Or you could read my previous response to you, or Warren Buffet's actual article, but somehow, I'm pretty sure it would still escape your primitive reading comprehension and critical thinking skills. There are 6 tax brackets. So when you win 6 star leagues, you continuously get less and less money. Then the decline stops. Now what progressives want to do is tax it up to 90%. So when you win 10 starleagues, you get 10% of your money. Then they also want to tax the money you earn on the side, IE endorsements which are like capital gains. Second of all, the way the tier system works is that its dependent on different sections of the money. The top tier being 90% does NOT mean 90% of your entire government goes to the government. Say the tax brackets were: 1. 0~$10K = 0% 2. $10K~50K = 10% 3. $50K~$100K = 20% 4. $100K+ = 30%
If you made $150,000 a year, that does NOT mean you have to pay $45,000 to the government ($150,000 * 30% = $45,000). The amount you pay is going to be $29,000. The first $10,000 you earn of the $150,000 will be tax free so thats $0 taxes paid. The next $40,000 ($10K to $50K) will be taxed at 10%, meaning you'll pay $4000. The next $50K ($50K to $100K) will be taxed at 20%, meaning youll pay $10,000 of that bringing you to a total of $14,000. The final $50,000 of your $150,000 ($100+) will be taxed at 30%, meaning youll pay $15,000 of that, bringing your total taxes payable to $29,000.
This is exactly what I just said. If you win your 10th starleague, you get 90% of that starleague's prize money. Ok....so if you opened the spoiler, you will clearly see your quote: [B]On August 17 2011 10:48 hacpee wrote:
Now what progressives want to do is tax it up to 90%. So when you win 10 starleagues, you get 10% of your money. Then they also want to tax the money you earn on the side, IE endorsements which are like capital gains. You said you get 10% of your money Also capital gains are already being taxed. Short term capital gains have been taxed at your earned income tax brackets for a long time. Long-term capital gains have been taxed at significantly reduced rates for a while as well. Imma copy paste my edit from earlier too EDIT: This means that, switching out my fantasy tax brackets for the real current US tax brackets, if you are in the top tax tier you will always have an after-tax income of at LEAST $269,133. All your excess income above the top tier will be taxed at 35%. This is even assuming that you have taken no exemptions, deductions, etc. and that this is all "earned income" rather than other classifications such as "long-term capital gains", which currently get taxed at lower rates. EDIT: and wait wtf? endorsement income is not capital gains If you read earlier, you would see what I meant when I stated that: Nope, its more like you get less prize money the more starleagues you win.That's exactly what we have in this system.
I'll elaborate. These are made up numbers. Make 10k, pay no taxes on it. Make 20k? Pay no taxes on 10k, pay some taxes on 2nd 10k. Make 30k? Pay no taxes on 1st 10k, pay some on 2nd 10k, pay even more on 3rd 10k.

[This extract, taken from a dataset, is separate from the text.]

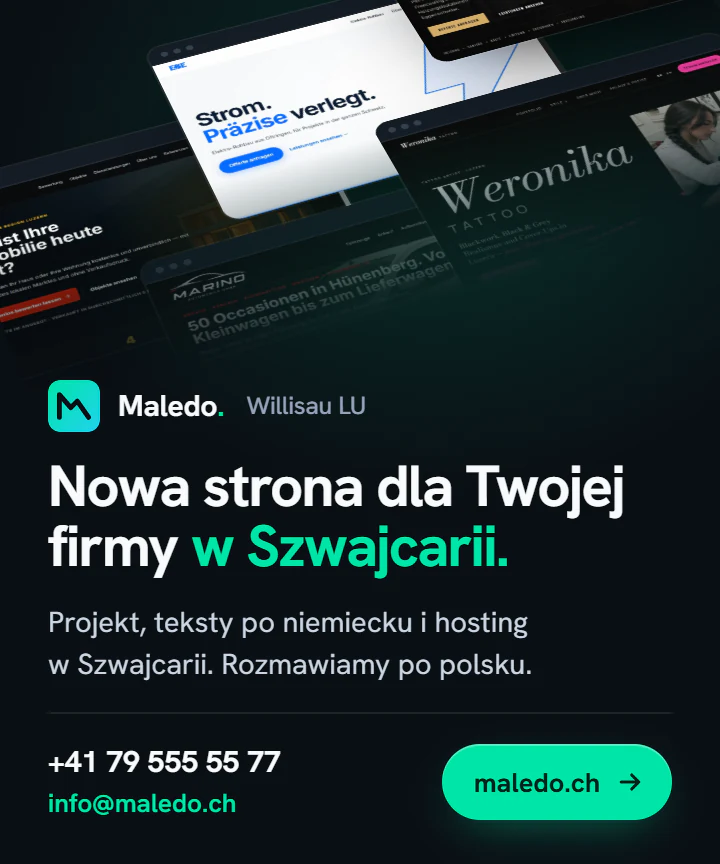 Maledo: nowa strona dla Twojej firmy w Szwajcarii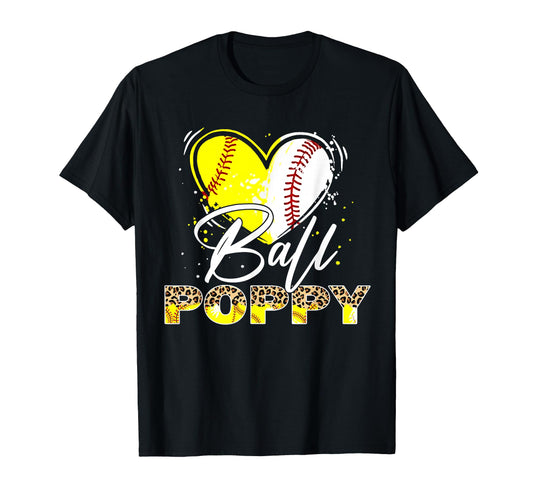 Ball Poppy Leopard Baseball Softball T-Shirt - Minimalist Print Men Women - T-Shirt, Sweatshirt, Hoodie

Same thing with my starleague analogy. Win one starleague? Get full prize money. Win two? You get less money on your 2nd. Win three? You get less money on your 3rd. And if progressives have their way, if you win 10 starleagues, you only get to keep 10% of the prize money. Ah yea thats correct, my apologies. Of course the tax brackets are much higher than every 10K but you have the idea right.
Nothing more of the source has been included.